_Records for this exercise_:
○ ○ ○

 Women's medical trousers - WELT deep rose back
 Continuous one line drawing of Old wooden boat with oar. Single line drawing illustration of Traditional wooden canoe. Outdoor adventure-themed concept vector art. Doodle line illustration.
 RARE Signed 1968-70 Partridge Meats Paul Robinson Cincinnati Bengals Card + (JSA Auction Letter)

○ ○ ○

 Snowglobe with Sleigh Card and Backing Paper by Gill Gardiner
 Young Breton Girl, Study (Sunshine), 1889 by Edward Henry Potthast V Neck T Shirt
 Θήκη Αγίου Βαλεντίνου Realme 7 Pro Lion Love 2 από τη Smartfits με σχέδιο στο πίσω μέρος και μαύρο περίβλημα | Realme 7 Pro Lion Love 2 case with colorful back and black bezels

○ ○ ○

_Your assignment_: Looking at the entries above, copy out every line in which "with" occurs.

_Output of the task_:
 Continuous one line drawing of Old wooden boat with oar. Single line drawing illustration of Traditional wooden canoe. Outdoor adventure-themed concept vector art. Doodle line illustration.
 Snowglobe with Sleigh Card and Backing Paper by Gill Gardiner
 Θήκη Αγίου Βαλεντίνου Realme 7 Pro Lion Love 2 από τη Smartfits με σχέδιο στο πίσω μέρος και μαύρο περίβλημα | Realme 7 Pro Lion Love 2 case with colorful back and black bezels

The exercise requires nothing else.